Trust is considered to be the oldest form of Charitable Organization. Trust can be either private or public. It is primarily created for the benefit of a section of people. Trust is governed by the Indian Trust Act 1882. The main instrument for Registration of Trust is Trust Deed. The creator of the Trust also appoints trustees. The trustees are given control or powers of administration of property in trust with a legal obligation to administer it solely for the purposes specified.

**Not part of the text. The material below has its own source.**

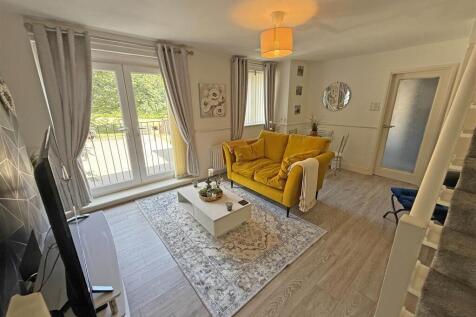 Living room A2.jpg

• Settlor Capacity: In order to create a valid trust, the settlor must have proper mental capacity to create the trust, meaning that they must intend to create a trust expressed with any necessary formalities of the state, such as the trust being in writing;
• Identifiable Property: Trust property, also known as “trust res,” must be specifically identifiable, which means that there must be a sufficient enough description to know what property is to be held;
• Identifiable Beneficiary: Typically, the beneficiary or group of beneficiaries must be sufficiently identifiable, meaning that they must be able to be determined at the time the trust if formed. However, in the case of a charitable trust, this is often not a requirement; and
• Proper Trust Purpose: The trust being formed must be proper, meaning that it cannot be created for an illegal reason. For instance, a person cannot create a spendthrift trust and hold the property in their own name for their benefit, simply to avoid creditors from reaching their assets. Courts will typically hold that such trusts are invalid.